= Thomas Podmore =

American architect

Thomas Podmore (1859–1948) was a British-born American architect. In addition to his lengthy architectural career as an architect, Podmore is noteworthy for his experiments with the fabrication of concrete products.

==Early life==

Thomas Podmore was born at Cherrington, Shropshire, England in 1859, the son of a farmer, and was baptized at the nearby village of Tibberton on March 23, 1859. In 1881, he was living on St. Ann Street in Stoke-upon-Trent, Staffordshire, employed as an "architect's assistant."

==Career in America==

Podmore emigrated to the United States about 1883, worked for a few years in New York, then moved to Wilkes-Barre, Pennsylvania. There, in 1886, he joined forces with Albert Hamilton Kipp to form the architecture firm Kipp & Podmore. The firm dissolved by mutual consent at the end of 1891.
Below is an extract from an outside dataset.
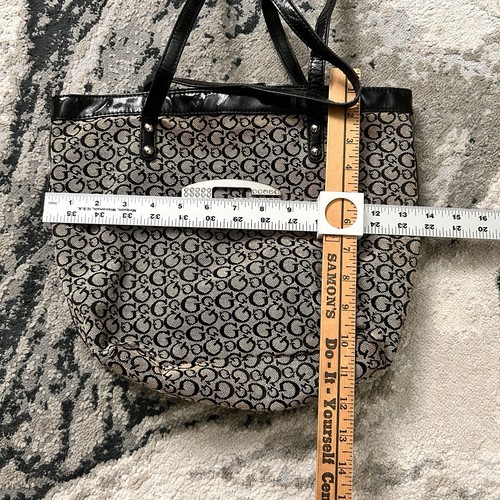 Vintage Y2K GUESS Monogram Canvas Tote Bag with Rhinestone Logo and ...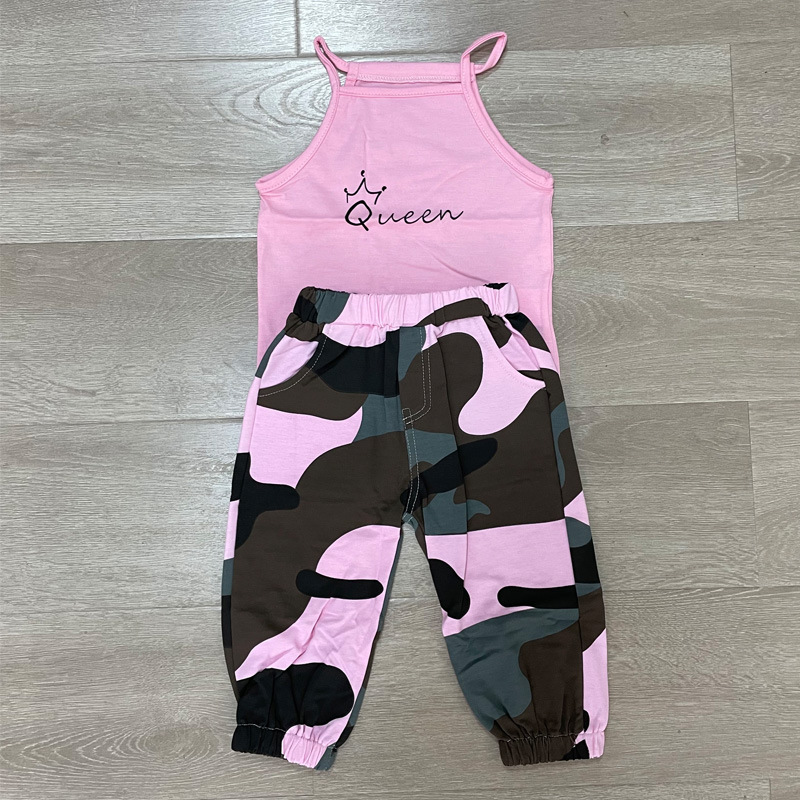Conyson fashion boutique Baby suit Spring summer casual Sleeveless print vest kids clothing girls cotton Camouflage clothes Set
In 1903, Podmore received a patent for a "machine for molding concrete blocks," and in 1907 founded the Podmore Concrete Co., for the manufacture of concrete blocks by a method of Podmore's own devising.

Podmore retired in 1928 after the completion of his last building, Sprague Memorial Hall, in Kingston, Pennsylvania. He died in 1948.

==Principal architectural works==
- Nelson Memorial Hall, Wyoming Seminary, Kingston, Pennsylvania, built in 1887 — as Kipp & Podmore.
- Methodist Episcopal Church, Dallas, Pennsylvania, completed in 1889 — as Kipp & Podmore.
- Armory, Gaylord Avenue, Plymouth, Pennsylvania, built in 1891 — as Kipp & Podmore.
- State Street School, Nanticoke, Pennsylvania, built in 1891 — as Kipp & Podmore.
- St. Peter's Episcopal Church, Plymouth, Pennsylvania, built in 1893.
- Wyoming Valley Country Club, Wilkes-Barre, Pennsylvania, built 1896.
- W. G. Eno Residence, Ross Street, Wilkes-Barre, Pennsylvania, built 1899.
- J. B. Woodward Residence, Northampton Street, Wilkes-Barre, Pennsylvania, built 1899.
- Town Hall, Edwardsville, Pennsylvania, built 1899.
- Wyoming Valley Country Club Enlargement, Wilkes-Barre, Pennsylvania, built 1903.
- Grace English Lutheran Church, 500 S. Franklin St, Wilkes-Barre, Pennsylvania, dedicated May 1911.
- R. R. M. Carpenter Residence, Wilmington Delaware, built in 1911.
- Wilkes-Barre Contagious Hospital, East Division Street, Wilkes-Barre, Pennsylvania, completed 1918.
- Walter S. Carpenter Jr. Residence, Wilmington, Delaware, completed in 1918.
- Nesbitt Memorial Athletic Field, Wyoming Seminary, Kingston, Pennsylvania, dedicated October 1922.
- Sprague Hall, Wyoming Seminary, Kingston, Pennsylvania, completed in 1928.

==Gallery==

Nelson Memorial Hall, Wyoming Seminary, Kingston, Pennsylvania, completed 1887.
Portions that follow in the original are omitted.